The reasons are partly organisational: the EA repository is often viewed as “the architects’ tool” rather than a business-critical system. It is not typically included in enterprise backup policy during initial deployment because it is small (at first), not customer-facing, and not immediately obvious as a compliance or regulatory concern.

The reasons this view is wrong become clear when you consider what accumulates in a mature EA repository:

Architecture decisions. Why was application A chosen over application B? What architectural constraints govern the programme? What trade-offs were accepted in the technology strategy? These decisions live in the repository as tagged values, element notes, decision records, and relationship structures. Losing them means losing the institutional knowledge of why the current architecture exists.

Programme traceability. Architecture artefacts produced for programme gates — approved designs, compliance mappings, technology standards assessments — may be referenced in programme documentation that exists outside the repository. If the repository is lost, those references become unresolvable.

Compliance evidence. In regulated industries, the architecture repository may contain evidence that specific designs were reviewed, approved, and compliant with regulatory requirements at specific points in time. This evidence cannot be reconstructed after the fact.

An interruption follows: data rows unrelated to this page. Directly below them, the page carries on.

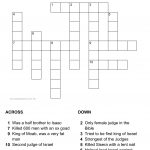 Judges Crossword Puzzle   Printable Biblical Puzzles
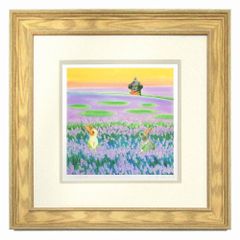 ★ くりのきはるみ『Lavender』ジクレー・風景画　ラベンダー畑　うさぎ
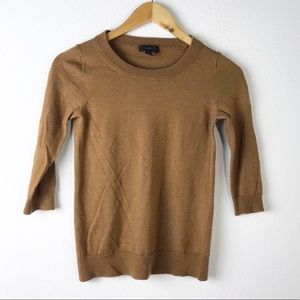 J. Crew Brown Tippi Crew Sweater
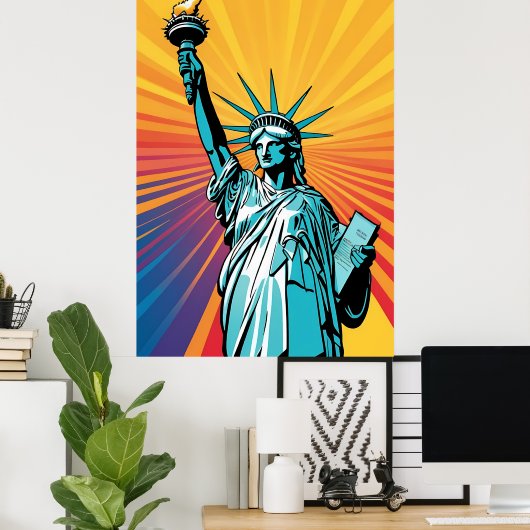 Poster Lady Liberty (Bureau à domicile)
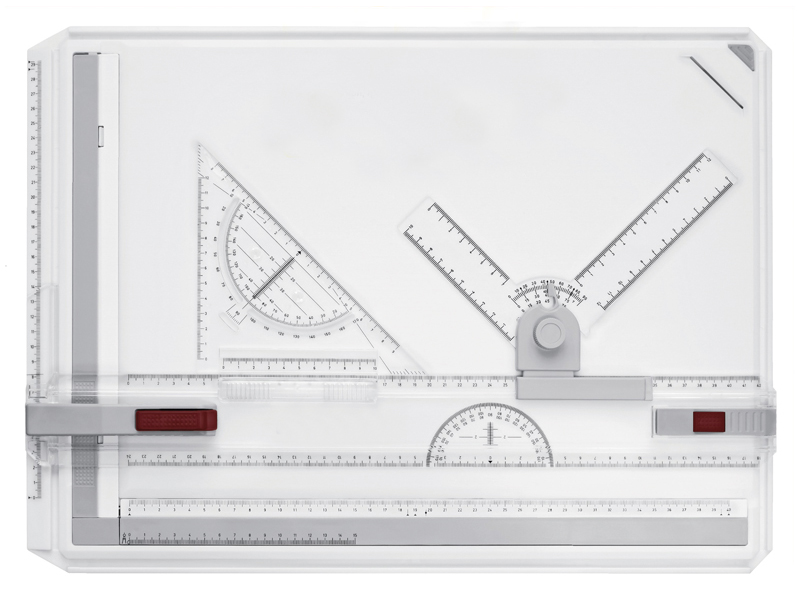 Доска чертежная с прибором для черчения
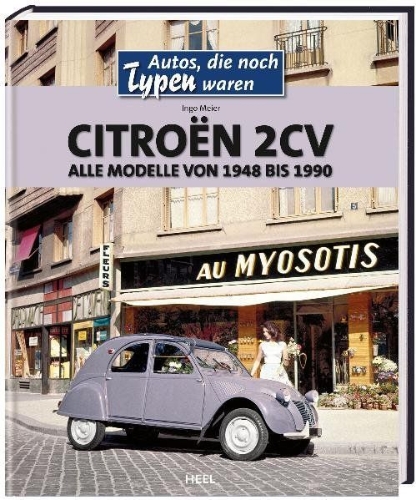 Buchcover und Innenansicht für das Buch: Citroën 2CV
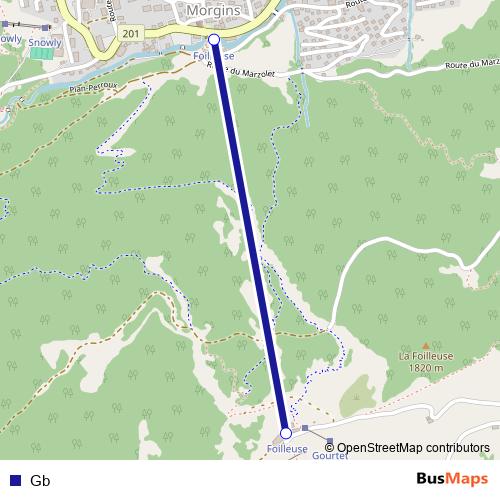 Gb cable-car Line Map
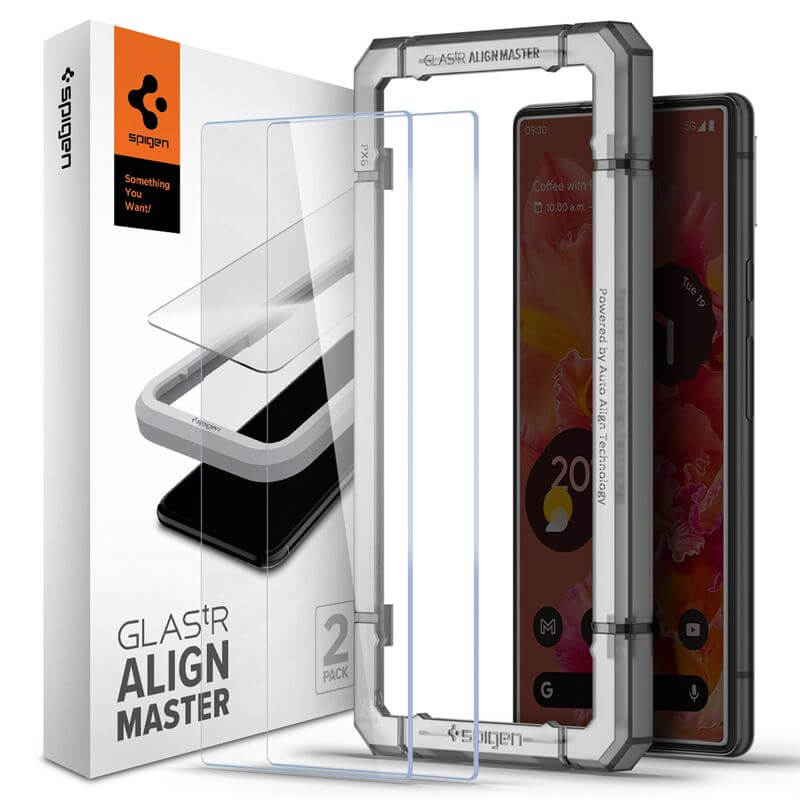 Стъклен Протектор за Google Pixel 6, Spigen AlignMaster Glas. TR, Прозрачен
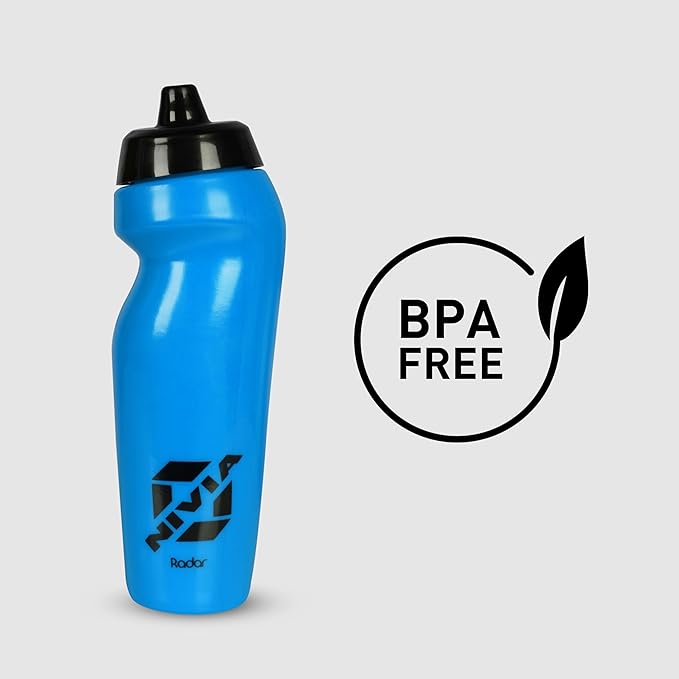 Nivia Radar Sippers Bottle for Men & Women (Navy, Capacity - 625 ml) | Material - Polyvinyl Chloride | For Sports | Cycling | Gym | Running | Training | Gym Water Bottles | Kids Water Bottles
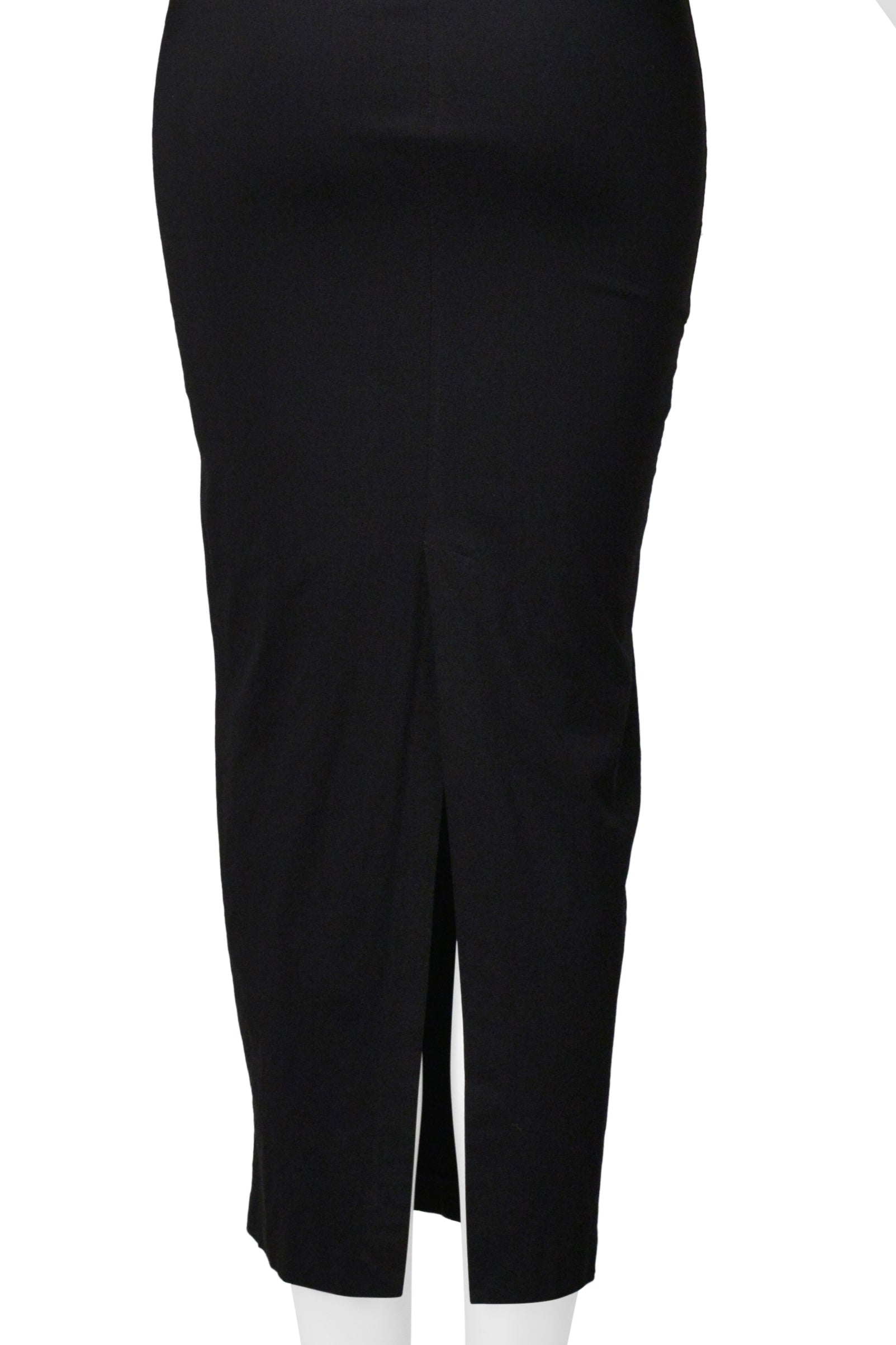 ROMEO GIGLI BLACK MIDRIFF SLIT DRESS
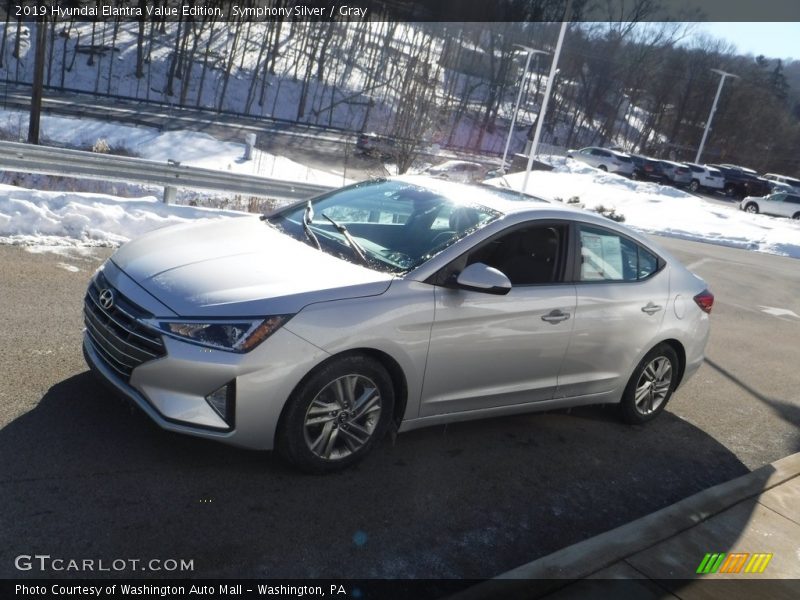 Symphony Silver / Gray 2019 Hyundai Elantra Value Edition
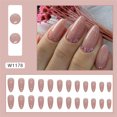 thumbnail image 2 of Fofosbeauty 24pcs Press on False Nails,Almond Fake Acrylic Nails, Sweet and Simple Solid Color Pink, 2 of 9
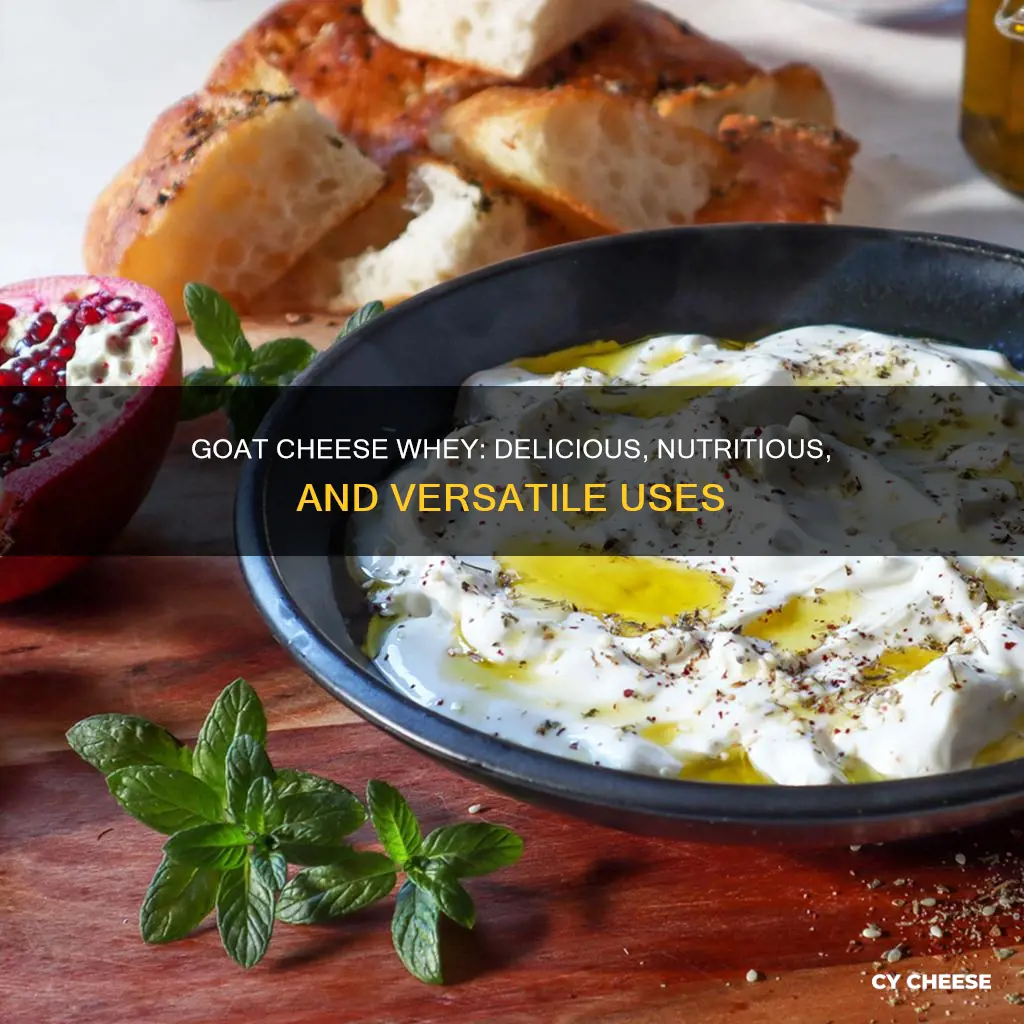 what to do with goat cheese whey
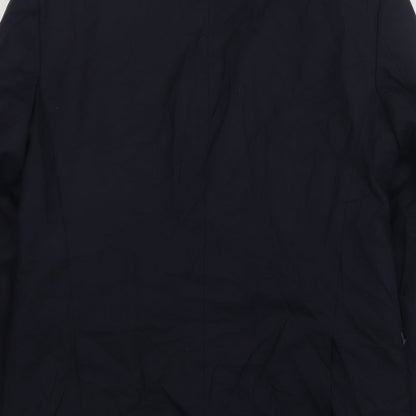 Mens UK Size 40 Steel & Jelly Regular Blue Suit Jacket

Years of invested effort. A mature EA practice represents thousands of hours of modelling, governance, review, and curation. This is not recoverable without the data.

Backup Options by Database Platform

SQL Server

SQL Server Agent. SQL Server Agent provides scheduled backup job capability. A full database backup job, scheduled daily, creates a backup file that can restore the complete repository. Transaction log backups (when the database is in full recovery model) provide point-in-time recovery capability — allowing restore to any point within the transaction log retention window, not just the last full backup.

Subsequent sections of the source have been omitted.